A request to Bank Negara for an explanation of the raid on the currency was not answered, nor was a request for a statement on the accusations about the bank accounts allegedly in the names of her husband and sons.
Asia Sentinel identified Najib’s wife, Rosmah Mansor, as being behind the pressure to drive Zeti out of the bank, to which her lawyers replied with a blistering denial and demand for a retraction. [Read her press release here.]
Economy at risk
The country’s economy is suffering from a steep fall in commodity prices, with Brent crude oil descending from US$105 per barrel to US$50.02 on Aug. 4. Palm oil has fallen from US$641 per tonne to US$606. Exports slid by 2.5 percent after a 0.5 percent gain in the final quarter of 2014,” reflecting mainly a decline in the growth of commodity exports and resource-based manufactured exports, amid lower commodity prices” according to Bank Negara.

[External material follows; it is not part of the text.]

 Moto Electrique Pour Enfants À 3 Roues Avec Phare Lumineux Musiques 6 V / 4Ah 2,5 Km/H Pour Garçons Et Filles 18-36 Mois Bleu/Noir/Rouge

But the situation has been exacerbated by the prolonged political scandal, which has turned attention away from efforts to revitalize the economy.
In addition to having to explain how the US$680 million ended up in his personal account at AmBank in Kuala Lumpur in 2013, Najib is also under prolonged attack for his role as the economic advisor to 1Malaysia Development Bhd, which is said to have RMB42 billion worth of debt, as much as RMB25 billion of it unfunded. There are allegations that a major portion of that was steered into the accounts of a family friend, tycoon Jho Taek Low.
On August 3, the Malaysian Anti-Corruption Commission said that the US$680 million in Najib’s accounts was from “donations,” a statement that raised more questions than it answered. It didn’t indicate where the “donations” came from or where they went. If the money was a personal donation, there is no indication that it was taxed. It has been suggested that the money was directed to the effort to win the 2013 general election, in which the ruling Barisan Nasional did very badly. But campaign donations are officially limited to RMB50,000 for state races and RMB200,000 for parliamentary seats. That much money washing through the electoral process would have set off alarm bells.
As the currency deteriorates, the price of imported goods and services, which amount to 69.9 percent of GDP, will grow sharply. There are already complaints about the rising cost of living. However, the price of exports will fall on international markets, making the country more competitive.
The options are to continue to defend the ringgit by throwing the country’s reserves into the fight, which is a losing battle, considering the trillions of dollars that float through currency markets every day. Despite the fact that Malaysia’s reserves remain relatively healthy, the forex markets are simply too big to bet against.
The alternative is to peg the ringgit against the US dollar, as former Prime Minister Mahathir Mohamad did in 1989 during the Asian Financial Crisis, which would endanger the billions the currency traders are betting. Mahathir was successful, as was the Hong Kong government in pegging the Hong Kong dollar to the US dollar during a currency crisis in the 1960s.
There are downsides to freezing the currency against the dollar. Given the diminishing reserves, it would require the implementation of currency controls, putting additional brakes on the economy. There are few attractive alternatives at this point.